A questioning of the idea of ​​NASA?

In 2018, NASA unveiled an equivalent of GPS for space navigation taking pulsars into account (see image below). Recall that pulsars are neutron stars emitting a strong electromagnetic radiation in the direction of their magnetic axis and capable of rotating very quickly on themselves. According to the US agency, this would guide robotic spacecraft to the outer reaches of space as part of missions impossible for humans to achieve.

Credit: NASA’s Marshall Space Flight Center / Flickr

In the Solar System, it is possible to transmit control signals from our planet as is the case for probes. However, things get complicated from the moment we pass the heliopause, that is to say the limit where the solar wind from the Sun is stopped by the interstellar medium. The time for sending and receiving signals then becomes too long. This turns out to be a major obstacle as part of journeys to the depths of space.

The idea of ​​NASA is therefore to use an X-ray system to find one’s bearings with pulsars. Coryn AL Bailer-Jones, astronomer at the Max Planck Institute, believes, however, that the dispersion of pulsar signals in the interstellar medium could be the source of errors concerning their measurement. The precision, essential for successful navigation, would then be too low.

Adaptive triangulation

Coryn AL Bailer-Jones detailed another solution in a pre-post to the platform arXiv. He believes that we should be based on the stars that we already know while taking into account parallax, aberration and the Doppler effect. These three effects cause the position of stars and their speed to change as we move away from the Sun. To put it simply, the astronomer offers adaptive triangulation throughout the trip.

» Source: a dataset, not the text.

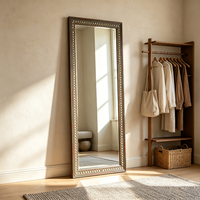 Miroir vintage avec cadre en bois massif, miroir sur pied pleine longueur, miroir de dressing avec diamants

In his report, the researcher is based on an experimental model to say that from about twenty stars, it is possible to measure the position of a vessel at three astronomical units near and its speed at 2 km / s. However, the greater the number of stars integrated in the triangulation, the more the precision increases. The astronomer finally recalls that his study is mainly conceptual, because interstellar travel is still impossible to envisage in the short and medium term. The fact remains that it is all the same a concrete research axis.